*Article originally posted on IAPP.org*
The European Commission recently issued its decision approving revised standard contractual clauses for data transfers to third countries in the official journal. The new SCCs arrive at a critical juncture in the regulation of cross-border data transfers, as there is significant uncertainty in the market around how to address cross-border data transfer restrictions.
What is the legal context for the introduction of the new SCCs?
The new SCCs are a mechanism companies can use to address the restriction under Article 44 in the EU General Data Protection Regulation on the cross-border transfer of personal data to third countries. The new SCCs replace earlier versions of standard clauses for data transfers to third countries, which were issued by the European Commission under the GDPR’s predecessor, the 1995 EC Data Protection Directive.
The new SCCs come at a time of uncertainty regarding restrictions on cross-border data transfers, in large part because another key mechanism for cross-border data transfers was invalidated by the Court of Justice of the European Union July 16, 2020. In Case C-311/18, the CJEU invalidated the European Commission’s adequacy finding for the EU-U.S. Privacy Shield arrangement. The CJEU’s decision focused on perceived inadequacies of U.S. intelligence surveillance policy, particularly under Section 702 of the Foreign Intelligence Surveillance Act. The CJEU decided U.S. policy and Privacy Shield protections did not provide “essentially equivalent” protection for EU personal data related to data subject rights and redress, as guaranteed under GDPR and the Charter of Fundamental Rights of the European Union. The U.S. government and EC are now aggressively negotiating for the development and adoption of an updated version of Privacy Shield to address this invalidation, dubbed “Schrems II.”
Although “Schrems II” did not invalidate the earlier EC decisions on standard contractual clauses, it did find that parties to the clauses need to supplement the guarantees in the EC standard data protection clauses in order to assure the requisite level of data protection. The “supplementary measures” focus on various means to assure the US and other third country intelligence agencies are limited in their ability to access personal data. The European Data Protection Board subsequently issued for companies to approach establishing the supplementary measures as required under “Schrems II.” For further discussion on how to proceed in a post-“Schrems II” world, click here.

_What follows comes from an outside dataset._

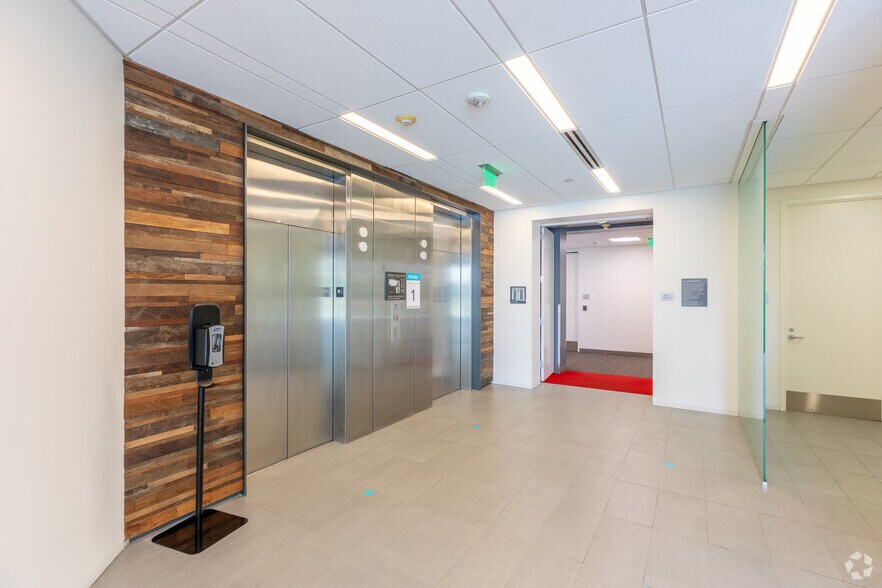 9808 Scranton Rd, San Diego, CA à louer - Photo intérieure - Image 3 de 6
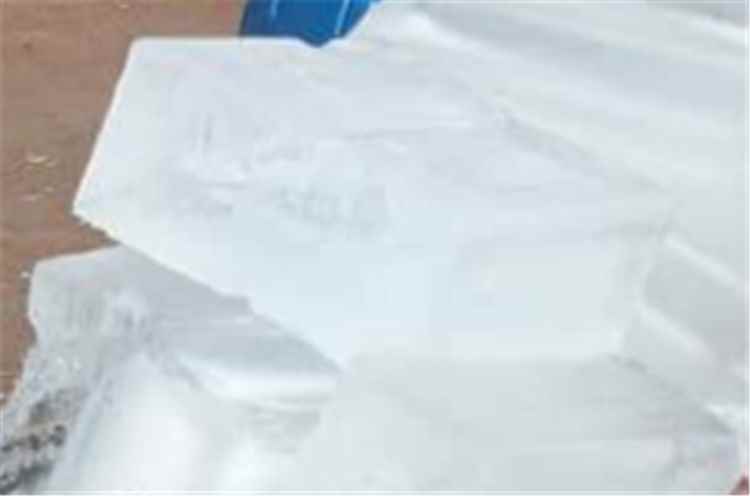 ارتفاع أسعار الثلج في ميفعة بشبوة يثير غضب المواطنين ودعوات لضبط الأسواق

Does the adoption of the new SCCs alleviate the need for the EC and US to reach agreement on Privacy Shield 2.0?
No. The new SCCs are an important tool for trans-Atlantic data transfers, but the need for the EC and U.S. to reach agreement on a Privacy Shield 2.0 remains critical. The new SCCs provide a framework for cross-border data transfers that reflects the guidance of the EDPB and the CJEU “Schrems II” opinion. However, the provisions in clause 14 in the new SCCs still require the parties to conduct a “Schrems II” assessment of the specific circumstances of the transfer as well as the laws and practices of the third country, including any legal requirements authorizing access by public authorities. Footnote 12 to clause 14 clarifies that the parties can take into account practical experience with prior instances of requests for disclosure from public authorities (or the absence of any such requests) when conducting this assessment. At the end of the day, particularly if the data importer is an “electronic communications service provider” potentially subject to an order to disclose under FISA §702, the parties will need to conduct their clause 14 assessment in a context where the CJEU has now cast doubt on the essential guarantees offered by US policy, with the risk of enforcement actions from EU data protection authorities if the data transfer assessment is challenged.

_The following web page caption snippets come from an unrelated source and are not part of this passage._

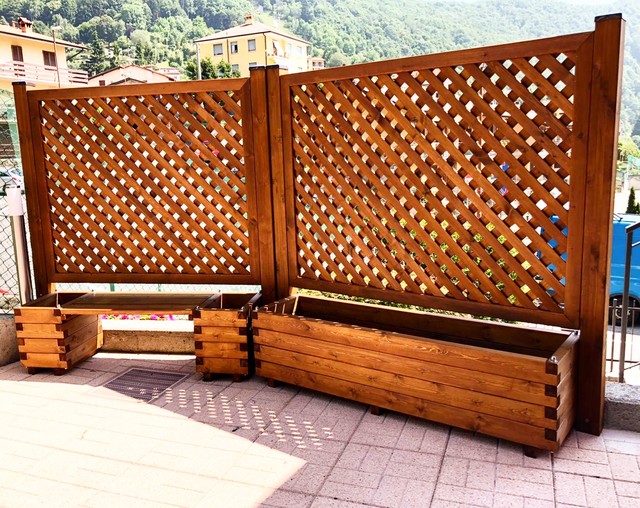 Grigliati e fioreire legno relaizzate su misura per balconi, terrazzi e  giardini - Clásico - Milán - de Cereda Legnami | Houzz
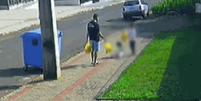 C&acirc;mera de seguran&ccedil;a flagra pai chutando filha de tr&ecirc;s anos, no Paran&aacute;   Foto: Reprodu&ccedil;&atilde;o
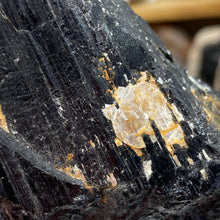 将图像加载到图库查看器中,Black Tourmaline with Muscovite Rough #20
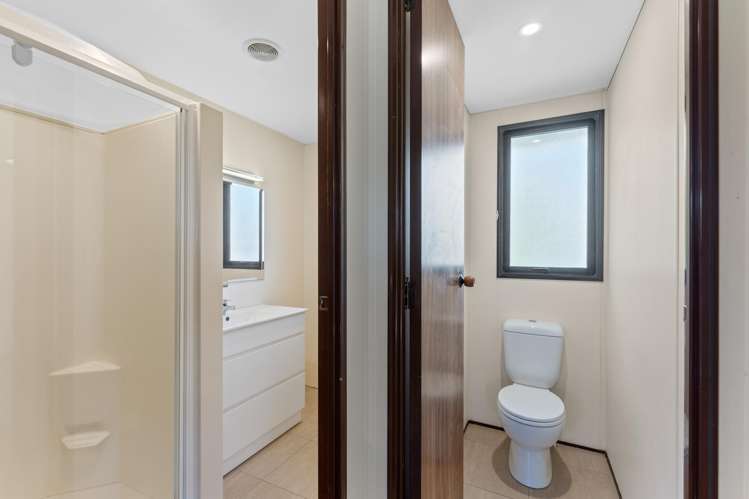 10 Robert Grove Paraparaumu_11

An agreement on Privacy Shield 2.0 would provide the EC and U.S. with an opportunity to clarify and even sharpen the rights of data subjects and redress available in the U.S. legal system so that the EC finds U.S. law does indeed offer “essentially equivalent” guarantees. Privacy Shield 2.0 would serve as a valid alternative basis to the new SCCs for transfers to the U.S. Also, for those companies relying on the new SCCs, it would provide additional assurance for their “Schrems II” assessments under clause 14.
What happens if agreement on Privacy Shield 2.0 is not reached?
It is difficult to know with certainty but our expectation is that cross-border data transfers may become increasingly difficult over time. Yes, parties can implement the new SCCs and perform their own clause 14 assessments of the specific circumstances. But more fundamentally, why are individual companies expected to assess the law and policy on intelligence surveillance in third countries, and how they can perform such assessments in a way that provides a reasonable degree of certainty in terms of possible challenges from EU data protection authorities? Such laws and practices have nothing to do with commercial privacy, nor how well the company designed and implemented their global data privacy programs, particularly given that national security matters are expressly excluded from the application of GDPR. In the wake of “Schrems II,” we have already seen some initial DPA enforcement actions and investigations. At this important time, it is essential for the EC to come forward and start identifying jurisdictions as providing “essential equivalence” on intelligence agency access, much as the EC has done for years on adequacy decisions regarding third country data protection laws. The task for individual companies becomes even more challenging as they look beyond the U.S. to other third countries, such as China, India or Israel.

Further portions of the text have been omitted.